Alguns detentos relataram que ao invadir o pavilhão, os policiais gritavam em coro “A morte chegou!”, antes de dispararem contra as celas, indiscriminadamente.
As fotos vazadas pela imprensa mostraram centenas de corpos empilhados, nus e perfurados no chão de concreto, mergulhados no lamaçal de sangue que escorria pelos corredores. As imagens correram o mundo como um símbolo máximo da barbárie brasileira.
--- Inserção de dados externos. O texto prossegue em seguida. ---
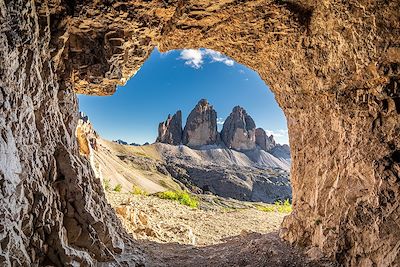 © shaiith / Adobe Stock - Tre Cime di Lavaredo - Dolomites - Italie Tre Cime di Lavaredo - Dolomites - Italie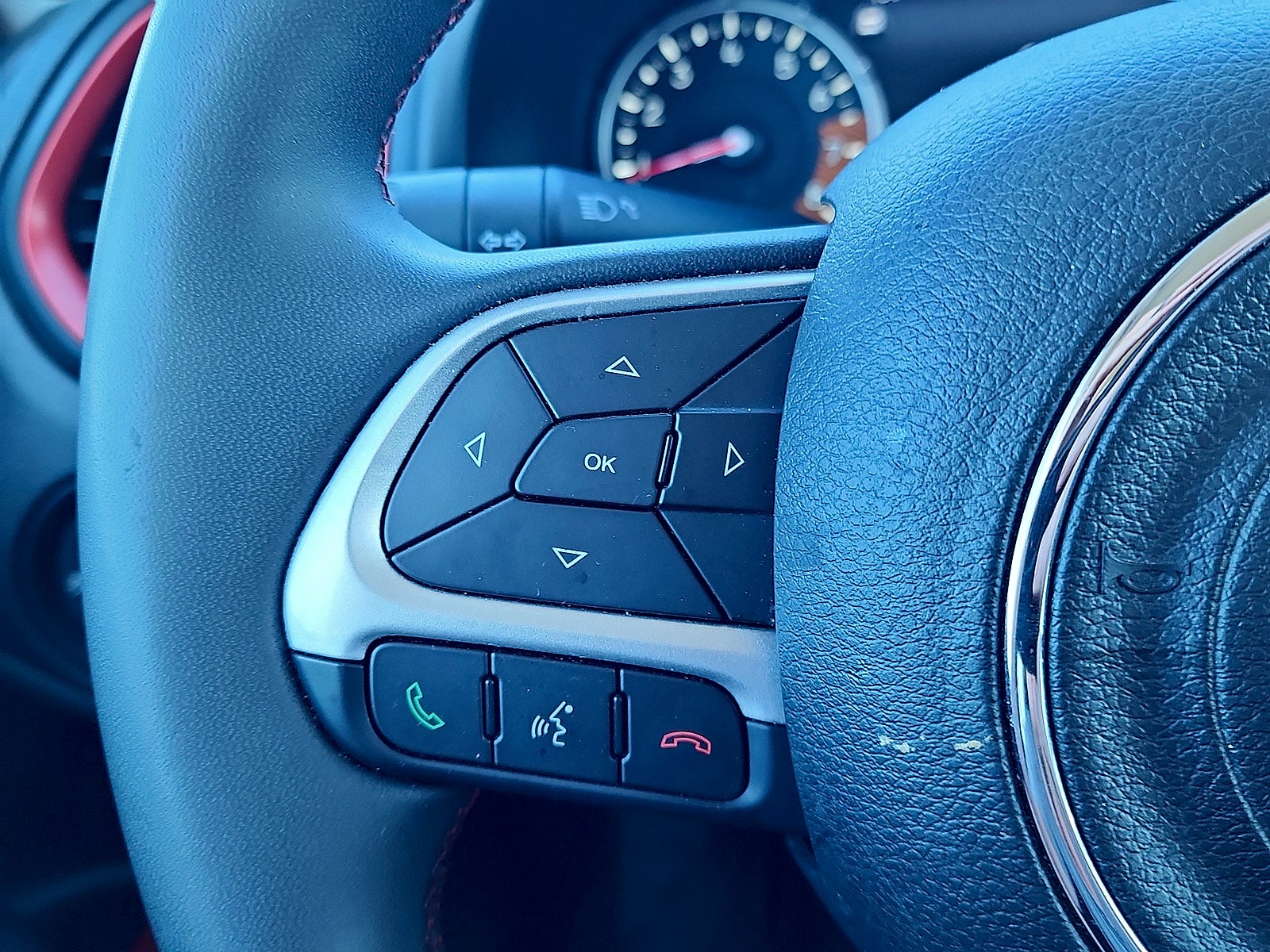 2023 Jeep Renegade Trailhawk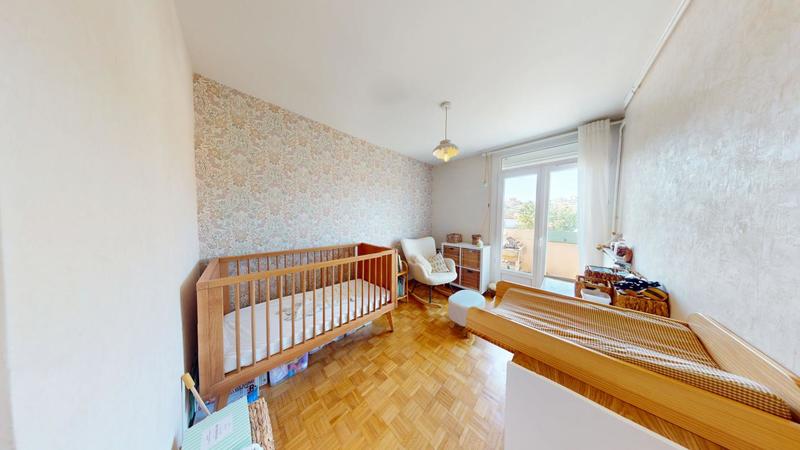 Appartement - 70 m² - 4 pièces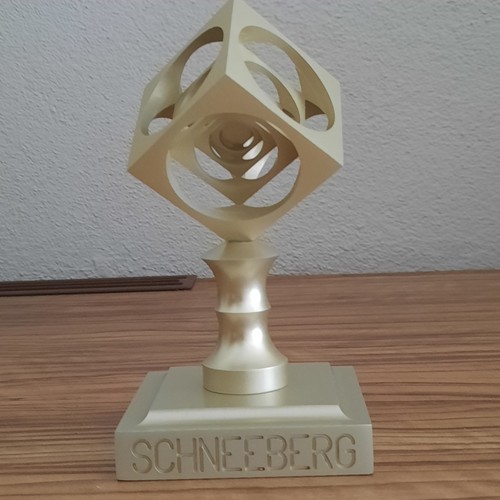 Goldfarbene metall trophäe - goldfarbene, metall-trophäe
Em entrevista, à época, Milton Marques Viana, uma das pessoas presas no pavilhão nove, disse à alguns repórteres acampados na porta do presídio: “Eu presenciei os fatos. Totalmente nus, com as mãos na cabeça, foram todos mortos. Execução sumária! Jogavam os corpos do andar de cima no foço do elevador. Eu vi o holocausto! Eu vi o holocausto!”, repetia apavorado.
O Massacre do Carandiru entrou no catálogo de atrocidades que mancharam definitivamente a história do país. Além disso, o episódio tornou-se sinônimo de impunidade e inoperância da justiça brasileira. Passados 27 anos, nenhum policial foi preso e nenhuma autoridade política da época, como o governador Luiz Antônio Fleury Filho, foi sequer processada.
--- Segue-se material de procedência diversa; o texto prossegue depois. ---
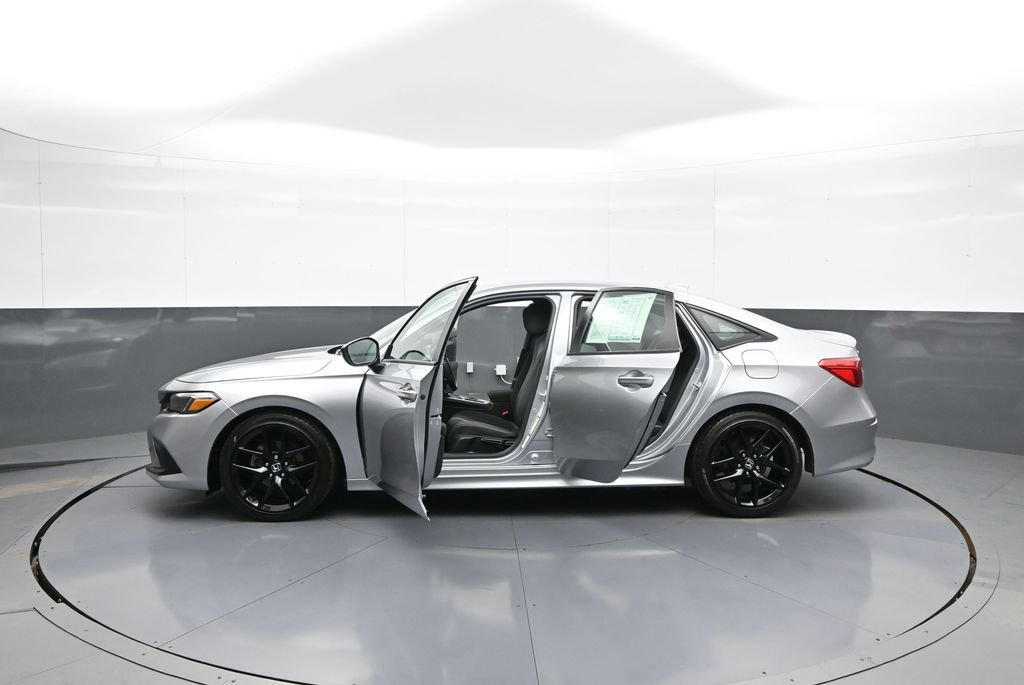 Used 2023 Honda Civic Sport image 42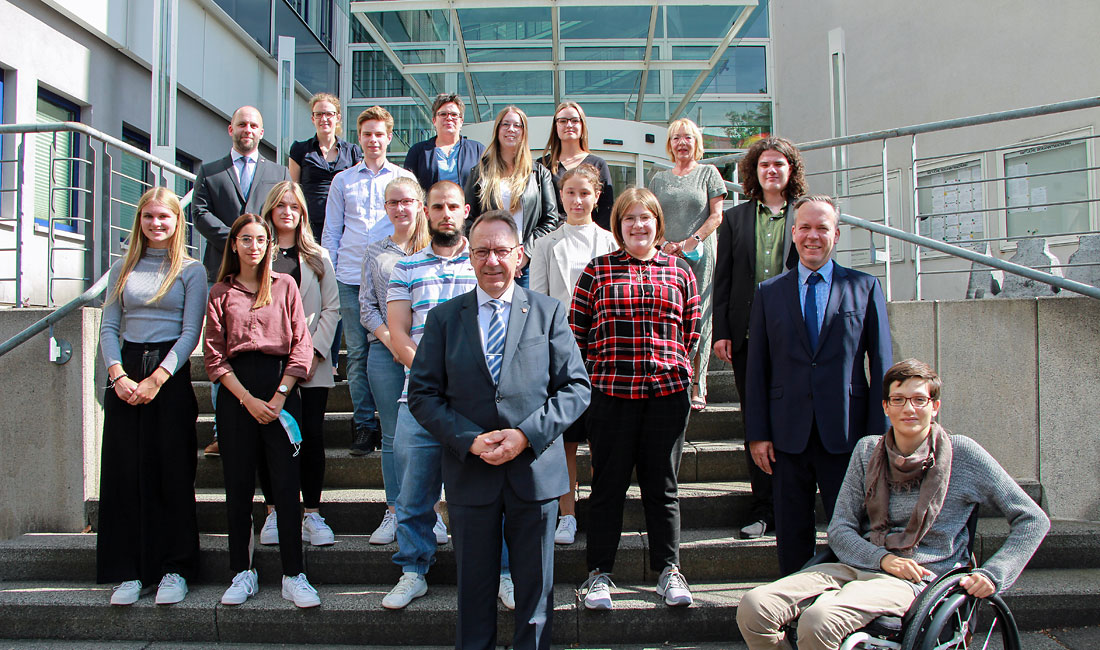 Elf neue Azubis bei der Kreisverwaltung OberbergAktuell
Em 2017, após idas e vindas de um processo que se arrastava por anos e que acabou por condenar os policiais envolvidos, o Tribunal de Justiça de São Paulo anulou os julgamentos de forma arbitrária, absolvendo os 74 PMs – que recorriam em liberdade – de penas que chegavam a 624 anos de prisão.
O desembargador Ivan Sartori, relator do processo e entusiasta da absolvição dos PMs, ao justificar o voto, ultrapassou os limites da decência: “Não houve massacre, houve legítima defesa”, bradou o magistrado. O que estarrece é o fato de o desembargador não considerar o desarmamento das vítimas, os policiais saírem do complexo sem nenhum arranhão, e o laudo pericial apontar uma média de cinco tiros por corpo, a maioria disparados na cabeça.
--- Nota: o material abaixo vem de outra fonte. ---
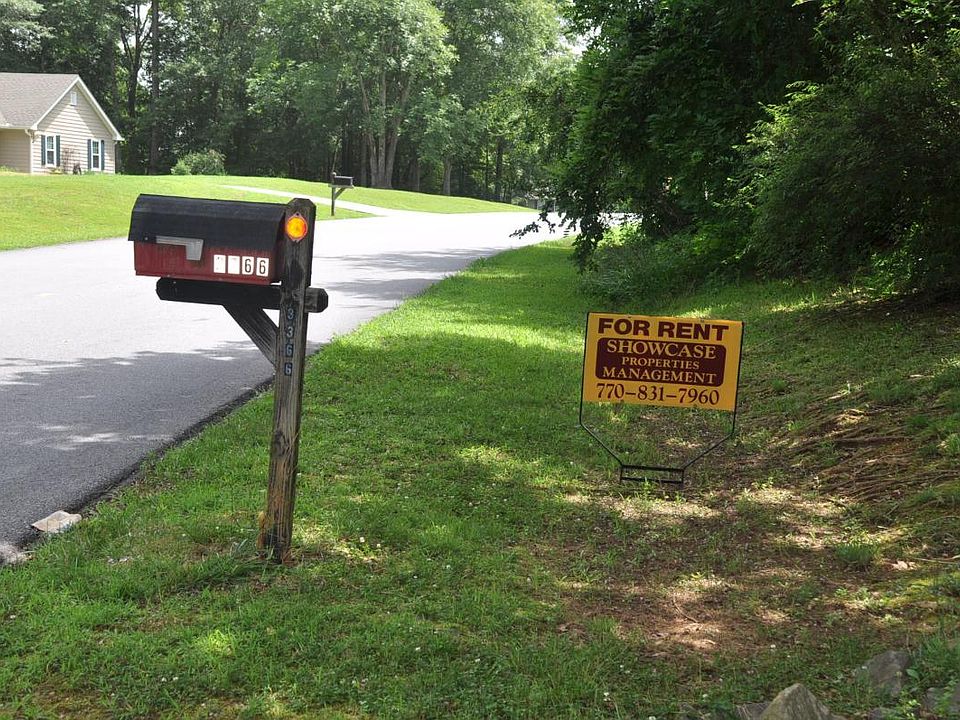 3366 Cook Road. Loganville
Mas o capítulo macabro ainda anunciava novas surpresas. Dos 74 policiais militares processados, 58 foram promovidos entre a data do massacre e o ano de 2017, mesmo ano em que receberam o beneplácito da justiça para seguirem livres. Dois deles, inclusive, foram nomeados comandantes da Ronda Ostensiva Tobias de Aguiar (Rota) pelo então governador do estado de São Paulo, Geraldo Alckmin, numa clara afronta aos valores humanos. Os demais 56 agraciados seguiram ocupando diferentes postos, recebendo patentes superiores e galgando outros níveis dentro da corporação. Hoje, a maioria deles desfruta de aposentadoria, custeada pelo mesmo Estado que se nega a indenizar as famílias das vítimas pela violação do direito à vida e à integridade física de cidadãos que estavam sob sua responsabilidade.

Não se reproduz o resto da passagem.